Jonsson also decided that a new Dallas model of leadership was needed. Being an outsider, he brought in outsiders.


No one man had such an effect on a major city in such a short amount of time since Baron Haussmann reorganized the streets of Paris in the 1860s. 

Throughout his eight years as mayor—re-elected three times with overwhelming majorities—Jonsson operated as an inclusionary dictator. Being an outsider, he brought in outsiders. Knowing that genius can come from anywhere, he listened to everybody.  Tough to the core (you don’t build America’s first major high-tech company with hugs and kisses), he thought like an engineer, worked a room like a politician, and somehow enabled people to see possibilities in dreams. 

Shaken to its core by the assassination of President Kennedy, the Dallas Citizens Council had handed over the keys to the city, and it would never get them back.


That’s not to say that the old Dallas establishment faded into the woodwork. It supported Jonsson to the hilt, just as it had promised to do in that fateful January meeting at Texas Instruments. Deeply conservative, they had managed the city’s finances like an old-fashioned banker’s balance sheet. But Jonsson was a builder of empires, and investment was his life’s blood. The old guard acquiesced. If he wanted an airport, he got an airport. If he wanted a bond issue for a new project, he got a bond issue. Even though power was now dispersing into newer centers around the city—neighborhood groups, the black community to the south, the emergent Republican Party to the north—the downtown establishment still retained its financial muscle. It could make things happen. And it could still stop things in their tracks.


Image
courtesy of Degolyer Library, SMU, Dallas TX, J. Erik Jonsson Papers, A1998.2191
In 1976, two years after it started, D Magazine ran an editorial on—what else?—the Dallas school district and its flamboyant and deeply flawed superintendent, Nolan Estes. Within days of the magazine hitting the newsstand, I received a phone call from Alex Bickley of the Dallas Citizens Council. “A number of people have called,” he reported, “and they are not happy with that editorial. It looks bad for the city, and that’s not the Dallas Way. It would be best if you would not write something like that again.”

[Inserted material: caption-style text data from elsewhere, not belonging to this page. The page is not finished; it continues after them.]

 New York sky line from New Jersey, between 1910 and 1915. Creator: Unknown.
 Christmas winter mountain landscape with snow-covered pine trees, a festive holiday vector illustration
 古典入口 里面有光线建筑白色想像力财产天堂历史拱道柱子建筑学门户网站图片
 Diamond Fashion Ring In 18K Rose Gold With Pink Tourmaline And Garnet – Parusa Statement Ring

The phone call made me angry because it told me the point of the article had been lost on the people who could do something about it. So I wrote another editorial for the next issue. This time the phone call came from the president of Sanger-Harris, the department store that was our largest advertiser. He was clearly embarrassed, but he used words nearly identical to Bickley’s. “I’ve received a number of phone calls. Maybe you want to reconsider your approach on this.”


That the Dallas Citizens Council was attempting to interfere with my business instead of tackling the disaster on Ross Street infuriated me. I wrote a third editorial, and this time the call came from John Stemmons. “Son,” he said in that sonorous voice he used in his most persuasive moments, “it’s been a long time since you and I have talked. Why don’t you come down here for bourbon this afternoon? Say, 4 o’clock. Sharp.”

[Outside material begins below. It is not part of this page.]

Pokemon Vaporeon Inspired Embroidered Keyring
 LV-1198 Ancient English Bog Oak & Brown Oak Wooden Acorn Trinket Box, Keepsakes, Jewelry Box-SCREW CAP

So that afternoon I drove to the Stemmons Towers on Stemmons Freeway to meet John Stemmons. The receptionist on the top floor opened the doors to usher me into his huge office with its plate glass window perfectly framing downtown Dallas. As I walked in, the theme from Fiddler on the Roof suddenly blared from four speakers in each of the office’s corners: “Tra-di-tion!” “Tra-di-tion!”


I broke out laughing. At his desk on the far end of the room sat John Stemmons, and he was laughing, too. He switched off the recording and motioned me to sit. On the desk, a glass of amber-colored liquor was waiting for me.


He raised his glass and said, “I told those old biddies that there wasn’t a damned thing any of them could do to stop you, so why piss you off by trying? I told them, that boy loves Dallas, so instead of bothering him, maybe you ought to listen to him.”


Three weeks later, Superintendent Nolan Estes resigned to take a professorship at the University of Texas at Austin, effective immediately.


It was the Dallas Way. And I have to admit, I miss it.